Optimistically assuming 6.25 ⁠ns per instruction (given the ESP32-C6's 160 ⁠MHz clock speed), that's 31.25 ⁠ns per 4 bytes of data. However, when we have to copy 1526 bytes of data (a full length packet), that adds up to about 11.9 ⁠μs (5 instructions × 6.25 ⁠ns × 1526 bytes ÷ 4 bytes per word). And that's assuming each instruction only takes one CPU cycle.

Indeed, if we assume 6 CPU cycles per iteration, we arrive at a total of 14.3 ⁠μs per copy, more or less what I measured in practice. This really made clear that I had to optimize the interrupt routine as much as possible, and that I was going to have to remove this copy operation.

I achieved this by making the PHY RX layer request buffer space from the MAC RX layer at the start of the RX interrupt routine. This way the PHY layer could write directly into the final destination buffer, and I could avoid having to copy from the PHY's private RX buffer into the MAC RX buffer.

Switching to the bbqueue bip buffer crate

This brings me to another wrinkle I now had to solve.

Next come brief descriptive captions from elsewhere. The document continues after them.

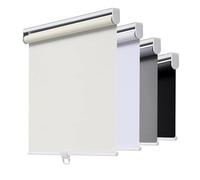 AOSKY Cordless Roller Shades Blackout Blinds for Windows Room Darkening Rolled Up Shades with Spring System, UV Protection Window Shades Door Blinds for Home and Office (46" W x 72" H, Ivory)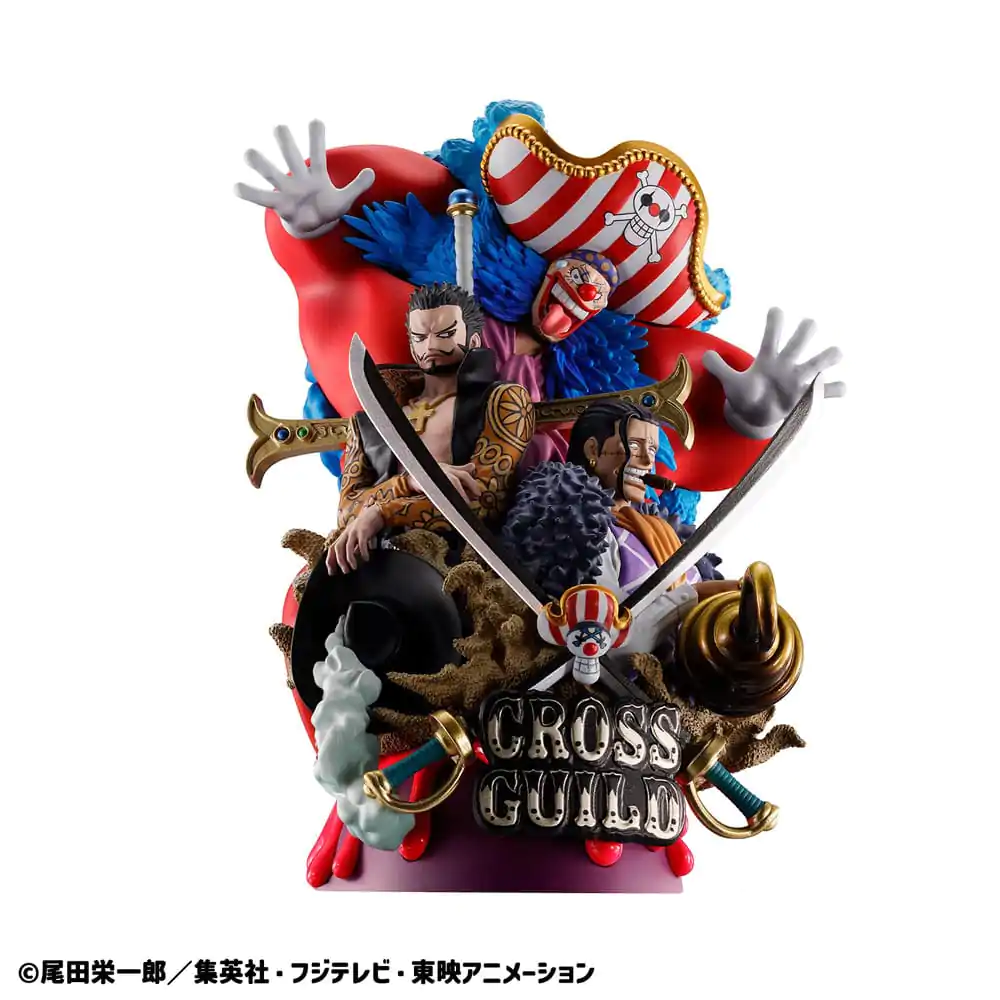 One Piece Petitrama DX PVC Mini-Statue Logbox Re Birth 03 Cross Guild 15 cm Produktfoto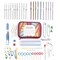 Incraftables Crochet Hook Set with Case 100pcs. Best Crochet Hook Kit for Beginners &#x26; Professionals. Ergonomic Crochet Tools with Needles, Scissors, Ruler, Head Pins &#x26; Accessories for Kids &#x26; Adults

The RX interrupt routine is invoked for every incoming RX signal, which means it's invoked for every link test pulse, as well as for actual packet transmissions. The interrupt routine invokes the PHY RX receive loop which is written in assembly, and which writes data to the buffer, but only if it detects an actual incoming packet. If the receive loop detects that it was woken up because of an LTP, it ignores the transmission and it doesn't write anything to the buffer.

But, now that I'd structured the code to request a buffer from the MAC layer's StaticThingBuf at the start of each interrupt routine invocation, this meant that I'd be allocating a buffer for each incoming LTP signal unnecessarily. And to make matters worse, the StaticThingBuf data structure does not allow "cancelling" a previously requested buffer, since it only allows pushing to the head of the queue and popping from the tail of the queue (a strict FIFO order). This meant that we'd quickly fill the StaticThingBuf with empty entries.

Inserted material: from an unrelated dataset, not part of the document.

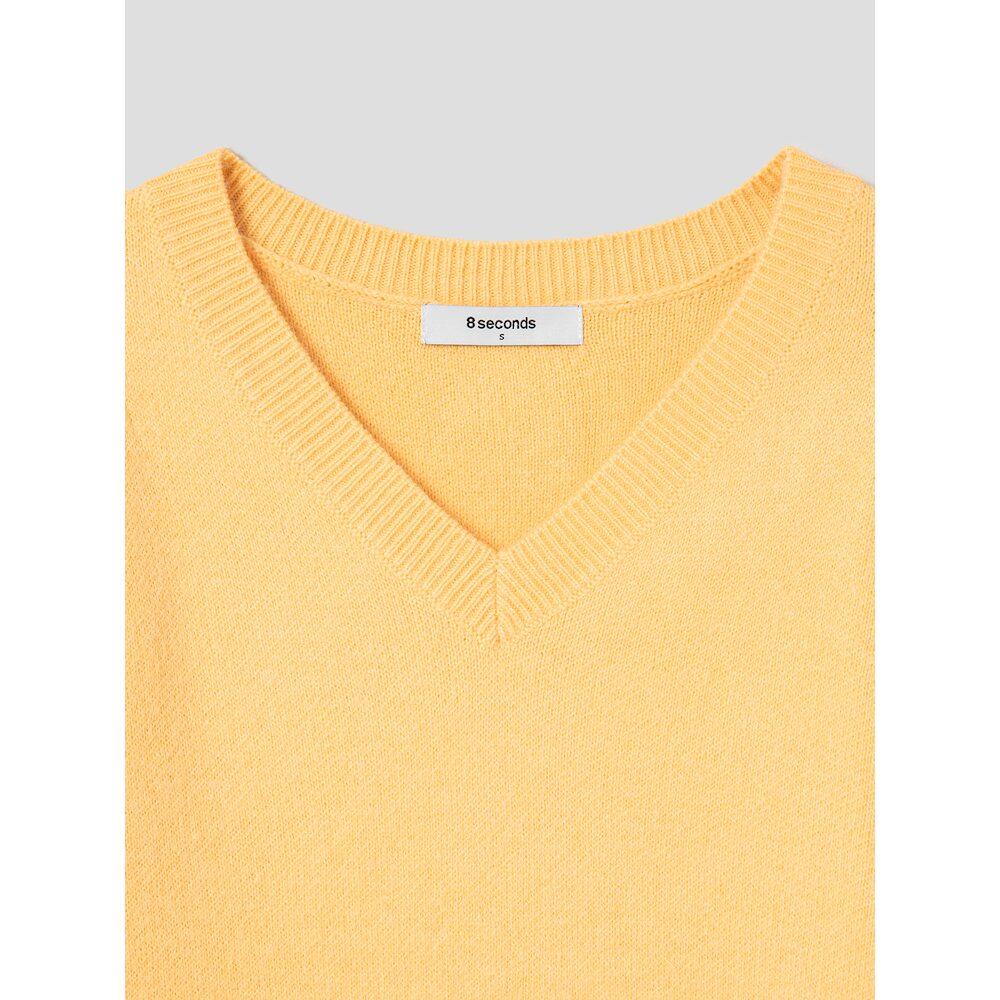 8SECONDS V-Neck Pullover Yellow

Luckily, it was at this point that I found the bbqueue crate. This crate implements a Single Producer Single Consumer (SPSC) queue using a bipartite circular buffer, or bip buffer. A bip buffer is a type of circular buffer that allows allocating contiguous blocks of memory of variable length. The bbqueue implementation is also no_std compatible and lock-free, again using atomic operations to ensure safe concurrent, just like the thingbuf crate.

Most important of all, its API is such that you first request a buffer of a given size, write data to it, and only then commit that buffer (or a subslice of the buffer). This means that you can allocate a buffer and then cancel it if you didn't end up needing it, exactly what we need to handle those pesky LTP interrupt routine wakeups.

It also means that you can allocate a full-length buffer, and then commit only the number of bytes you actually ended up using in that buffer. For example, we can allocate enough buffer space to hold a full-length packet at the start of the interrupt routine, but only commit a fraction of that space if we only end up receiving a minimum-length Ethernet packet in the end. Compare this to the thingbuf crate, which required us to always allocate a full-sized buffer of 1526 bytes for every packet, even if it only held 72 bytes of packet data.

Lastly, the bbqueue API provides a convenient framed mode of operation, which makes producing and consuming chunks of variable sizes easier. It made the bbqueue crate just what I needed, and I replaced all use of the thingbuf crate with the bbqueue crate.1

Avoiding blocking on flash storage

Having a copy-less implementation made things work a lot better, but I was still noticing some inconsistent/unpredictable timing behavior in the interrupt routine that was leading to packet loss. For example, it seemed that sometimes even the bbqueue functions for requesting or committing a new buffer were taking too long.

Given my previous experience with unexpectedly slow code on the ESP32-C6 chip, I had a hunch this was due to having to read the code instructions from flash storage mid-execution.2 One way to avoid this problem is to ensure that performance-critical code is always kept in the chip's RAM. This is easier said than done, however. Up until now I had already ensured that most of the PHY layer's code was kept in RAM using the #[ram] attribute provided by the esp-rs/esp-half framework. However, that attribute can't be applied to code we don't own (e.g. code in the bbqueue or smoltcp crate).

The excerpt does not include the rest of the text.